What needs to be done
Word for word, return the lines from the start of the entries below through the line that has "Zaferi coşkuyla anıldı".

[Record extracts]

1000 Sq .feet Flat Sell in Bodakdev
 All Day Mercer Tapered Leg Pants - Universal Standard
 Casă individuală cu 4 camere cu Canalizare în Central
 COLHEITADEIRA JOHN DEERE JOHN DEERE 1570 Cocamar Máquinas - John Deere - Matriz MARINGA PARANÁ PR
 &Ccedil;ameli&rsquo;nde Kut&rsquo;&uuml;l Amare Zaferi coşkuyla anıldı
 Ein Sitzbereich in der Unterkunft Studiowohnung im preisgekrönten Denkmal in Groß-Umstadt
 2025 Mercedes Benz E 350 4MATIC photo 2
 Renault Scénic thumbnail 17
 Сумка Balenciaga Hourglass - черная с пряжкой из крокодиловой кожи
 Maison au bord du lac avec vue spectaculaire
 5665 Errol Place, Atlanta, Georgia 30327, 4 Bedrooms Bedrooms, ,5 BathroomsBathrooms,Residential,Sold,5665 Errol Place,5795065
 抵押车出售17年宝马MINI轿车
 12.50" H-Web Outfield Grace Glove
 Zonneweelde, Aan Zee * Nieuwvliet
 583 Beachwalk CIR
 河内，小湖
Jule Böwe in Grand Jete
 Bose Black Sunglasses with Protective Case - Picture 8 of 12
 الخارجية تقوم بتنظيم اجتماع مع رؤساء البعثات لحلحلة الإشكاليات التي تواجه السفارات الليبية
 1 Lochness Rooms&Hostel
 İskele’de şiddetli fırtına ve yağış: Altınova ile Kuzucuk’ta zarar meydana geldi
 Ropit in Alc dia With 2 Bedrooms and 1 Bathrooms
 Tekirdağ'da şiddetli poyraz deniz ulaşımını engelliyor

[/Record extracts]

Result of this task
1000 Sq .feet Flat Sell in Bodakdev
 All Day Mercer Tapered Leg Pants - Universal Standard
 Casă individuală cu 4 camere cu Canalizare în Central
 COLHEITADEIRA JOHN DEERE JOHN DEERE 1570 Cocamar Máquinas - John Deere - Matriz MARINGA PARANÁ PR
 &Ccedil;ameli&rsquo;nde Kut&rsquo;&uuml;l Amare Zaferi coşkuyla anıldı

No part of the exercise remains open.